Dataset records
───

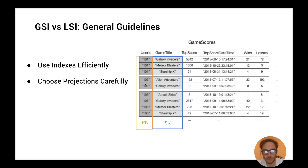Let's look at an example with the game scores table. We have a table with partition key user ID and sort key game title. Let's say you want to add a new global secondary index on game title as partition key and top score as sort key. Based on the access pattern, decide which attributes you want to project onto the index.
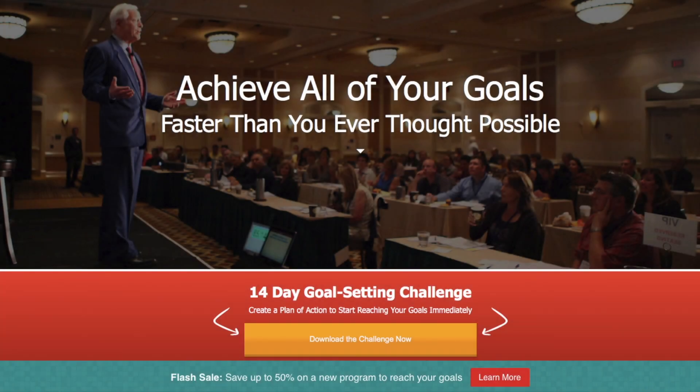BrianTracy.com uses their floating bar opt-in to communicate important time-sensitive news and offers that convert 9% of website visitors.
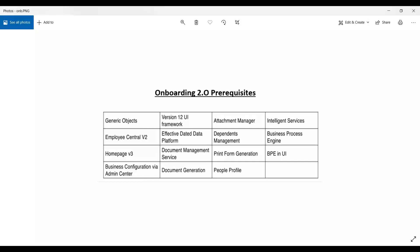The home page is important because, whether you are a hiring manager or an internal hire, you need to complete all assigned tasks. Every time a task is initiated, the corresponding hiring managers will see tiles related to Onboarding 2.0 on the V3 home page, which is the default landing page in SuccessFactors. That is why the home page is very important.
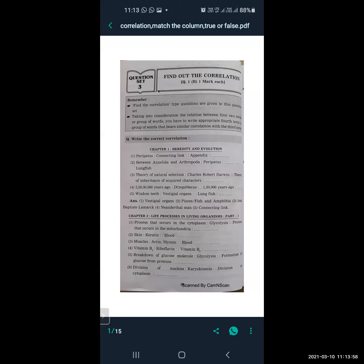Theory of natural selection is related to Charles Robert Darwin. So theory of inheritance of acquired characters is related to Jean-Baptiste Lamarck — you have to write the scientist's name here. Next: 2 crore 50,000 years ago there was Dryopithecus; 1 lakh 50,000 years ago there was Neanderthal man. If you have studied the lesson of Heredity and Evolution carefully, you will answer this type of question easily.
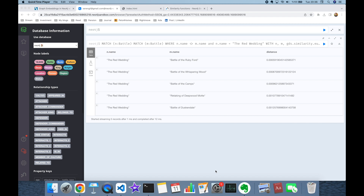We can also use the Graph Data Science module for embedding generation. When we generate vector embeddings for nodes, we use similarity algorithms to find similar nodes. In this experiment I used the Red Wedding as a query vector and found its nearest neighbors among Game of Thrones battles. Thank you all for watching — please like, subscribe, and comment to support this work. See you next time, cheers!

───

Directions for this task
Leave the images out and transcribe the remaining data above word for word.

Task result
Let's look at an example with the game scores table. We have a table with partition key user ID and sort key game title. Let's say you want to add a new global secondary index on game title as partition key and top score as sort key. Based on the access pattern, decide which attributes you want to project onto the index.
BrianTracy.com uses their floating bar opt-in to communicate important time-sensitive news and offers that convert 9% of website visitors.
The home page is important because, whether you are a hiring manager or an internal hire, you need to complete all assigned tasks. Every time a task is initiated, the corresponding hiring managers will see tiles related to Onboarding 2.0 on the V3 home page, which is the default landing page in SuccessFactors. That is why the home page is very important.
Theory of natural selection is related to Charles Robert Darwin. So theory of inheritance of acquired characters is related to Jean-Baptiste Lamarck — you have to write the scientist's name here. Next: 2 crore 50,000 years ago there was Dryopithecus; 1 lakh 50,000 years ago there was Neanderthal man. If you have studied the lesson of Heredity and Evolution carefully, you will answer this type of question easily.
We can also use the Graph Data Science module for embedding generation. When we generate vector embeddings for nodes, we use similarity algorithms to find similar nodes. In this experiment I used the Red Wedding as a query vector and found its nearest neighbors among Game of Thrones battles. Thank you all for watching — please like, subscribe, and comment to support this work. See you next time, cheers!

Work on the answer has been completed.